A recent National Ground Water Association survey received responses from 43 states nationwide, and all reported water shortages and anticipated more of the same in the future. Dire straits in Las Vegas, Denver, Phoenix, Houston and other locales are well documented, as is the unsettling state of affairs with the over-appropriated Colorado River. A shortage of available water may also do something nobody ever thought possible: Halt the relentless development up and down the Colorado Rockies' east slopes. Multi-year drought conditions over much of the nation's heartland and decreased mountain snowmelt in the West -- both likely exacerbated by climate change and both likely to worsen, climatologists say -- have heightened awareness. But clearly, most of the fault for the current dilemma lies with ourselves. Our voracious appetite for water and the development that requires that water are pushing nature to the brink.

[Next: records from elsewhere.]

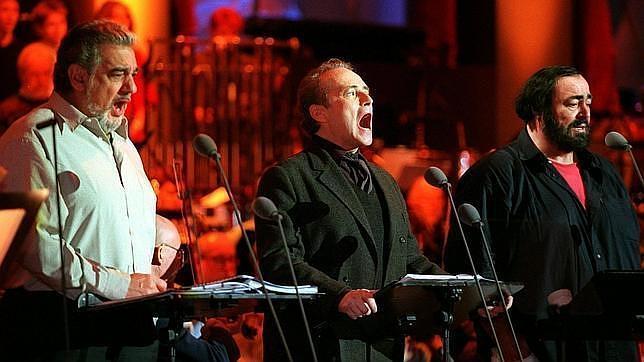 Carreras y Domingo homenajearán a Pavarotti en los Classic Brit Awards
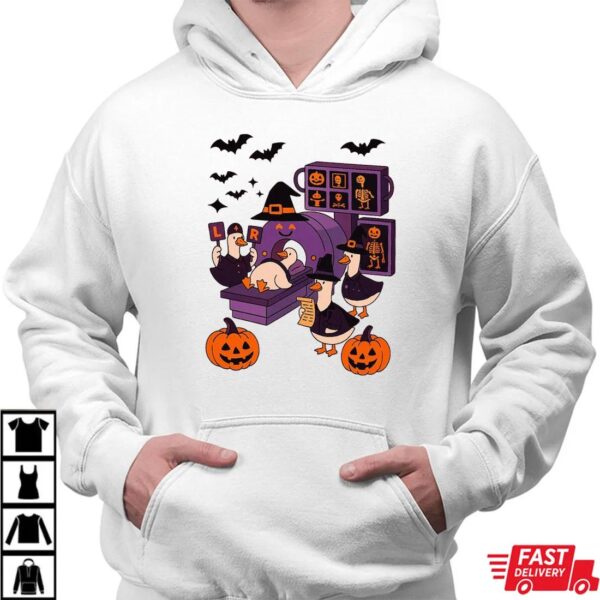Funny Halloween Duck Radiology Shirt – MRI CT Scan Tech Pumpkin Witch Tee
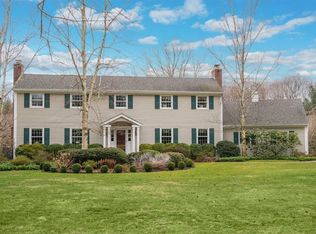 321 Southdown Rd, Huntington, NY 11743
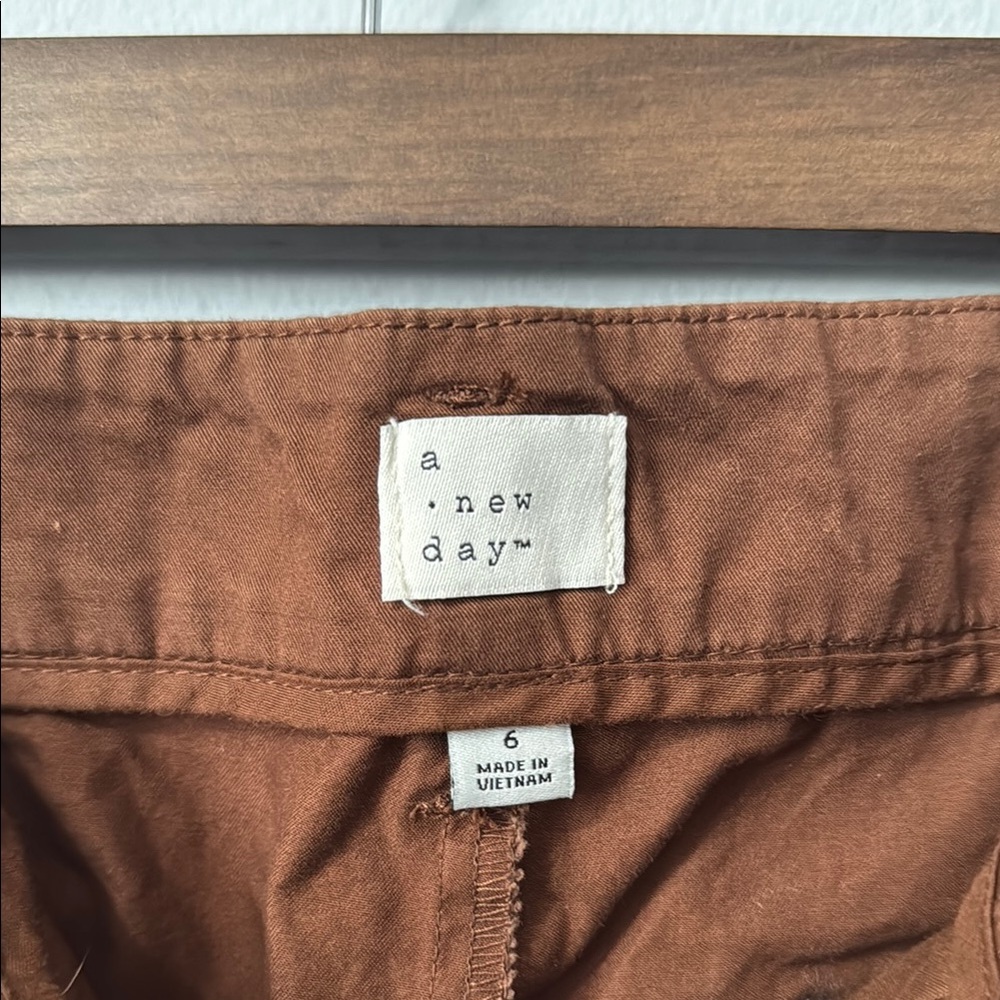 a new day Brown Trousers with Wide-Leg and High-Waist - Picture 5 of 6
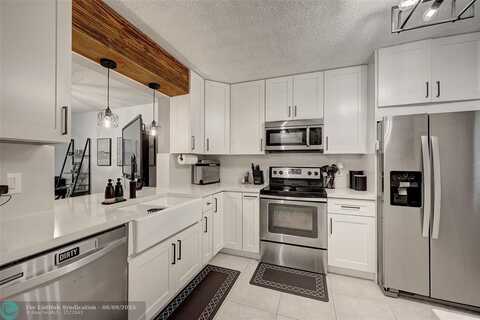 8592 W Sunrise Blvd, Plantation, FL 33322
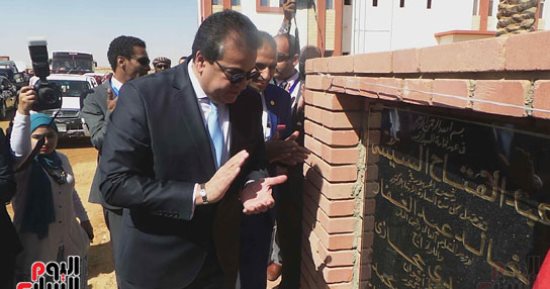 صور.. وزير التعليم العالى يفتتح الفرع الجديد لجامعة أسوان على مساحة 100 فدان
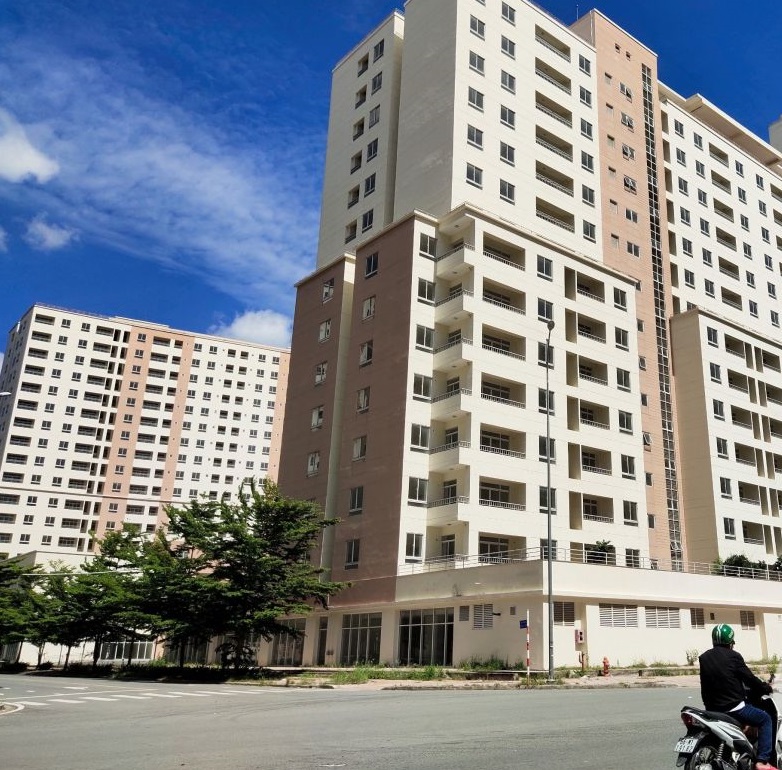 Diễn biến kh&aacute;c lạ tr&ecirc;n thị trường căn hộ th&aacute;ng 7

The Ogallala Aquifer, which covers 175,000 square miles and underlies eight states in places, has experienced dramatic declines of well over 100 feet in some locations since large-scale irrigation began in the 1950s. The USGS notes that the aquifer has been depleted by 9 percent since the advent of groundwater irrigation. That doesn't sound like much of a problem, but consider this: A 2001 Kansas State University study warned that only 15 percent of this vast underground ocean is physically and economically feasible to pump to the surface. Aboveground, the defining waterways of the Plains and West -- the Platte, the Arkansas and the Colorado -- are shells of their former selves after a century of surface diversions and groundwater pumping. Indeed, the headwaters of the Arkansas River near Leadville often give out before they get to Dodge City, Kan., 450 miles downstream from Leadville...

We can no longer use our groundwater and surface water as we please, nor for as long as we please. If we wish to avoid a future of water tribulations, we will need to adopt a Depression-era mentality: Recycle and reuse, and most of all, conserve. We will also need to finally consider water as both a public trust and a "commons," and use it accordingly.